In the Bingo room, I sneaked up behind Ray and rubbed his neck. “There she is!” Ray exclaimed. He hugged me and warmly shook Don’s hand, and opened his card and gifts (all food—a mix of salty and sweet treats). I had chosen a “friendship” card to express my gratitude to Ray, and he said, "You don't know how much this means." But I might have an idea.
Don sat next to Ray while I made the “happy holidays” rounds. On my way to Dorothy’s table, Doris walked toward me with her attendance sheet. She checks off every resident who comes to every Bingo. “Do you know who that man is next to Ray?” she asked. I laughed out loud. “That’s my friend, Don,” I said. “Just a visitor.” (I find this much funnier than Don does.)
I passed Doug, and he grabbed my hand and kissed it. “Nice to see you,” I told him. “And vice versa,” he said.
I asked Dorothy how her Christmas was. “Worst one ever,” she said. “They’ve been calling off Bingos, and we haven’t had anything to do.” Ray had mentioned that a lot of Bingo sessions had fallen through around Christmas. “That’s really too bad, especially this time of year,” I told Dorothy. She seemed rather inconsolable.
All the regulars were in place—the Friday after Christmas, and so many people alone at Bingo. But at least there was Bingo.
Bill Crowell came in late and settled in next to Doug. Robert Kincaid came in late, too, and I told him how much I was enjoying the crafts I’d bought from him at the Christmas bazaar. He showed me the progress he’d made on the lanyard he had begun that day, and I made a point of pointing him out to Don (one of Don’s gifts was Robert’s colored-pencil drawing of an eagle at the pond).
At one point Billy won and selected a prize jar filled with candy—and 200 million confetti-looking twirled ribbons. While I was pushing the prize cart around, he apparently dumped the entire jar, because there were 200 million confetti-looking twirled ribbons on his clothes, in the workings of his wheelchair and all over the floor. “Was there an explosion?” I asked Billy. It was like one of those nut cans filled with a springing snake. Every time I walked by, I found more ribbons.
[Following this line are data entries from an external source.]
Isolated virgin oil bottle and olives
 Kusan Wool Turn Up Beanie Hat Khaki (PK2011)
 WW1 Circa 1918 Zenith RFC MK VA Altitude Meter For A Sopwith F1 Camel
Bill picked a jar of pickles as a prize. “Pickles for the picklehead,” Doug said. Which also made me laugh out loud. At some point Bill dislodged the lid, and pickle juice oozed all over the table. “Want those?” Bill asked Doug. He did.
At the end of Bingo, I told Bill to come say hi to Don (they had met and talked for quite a while at Thanksgiving). Bill didn’t remember meeting Don. Bill didn’t seem so well. I thought I’d mention our impending Valentine’s Day dinner date to cheer him, but it only threw him into a tailspin of anxiety.
I hugged him and wished him a happy new year, and Bill said, “You know what I want for the New Year?” I leaned in, hoping it was something happy about Valentine’s Day. It was not. “I want to die,” Bill said. I hugged him again. And I told him I’m very happy he’s still around. It was the best I could do.
Don and I left. I didn’t feel as if I’d spread—or witnessed—much Christmas cheer at all.
“Do you still want to walk down to the pond?” Don asked. I had completely forgotten about that. But he hadn’t.
No one was there, of course; it was post-Christmas cold and dreary. I showed Don where Mike and I usually perched, and then Don and I walked to the end of the dock, where Mike and I had fished and searched for eagles and breathed deeply and talked and talked and talked. And I cried.
Don spotted an eagle. I smiled and took a deep breath--and felt very grateful for my friends.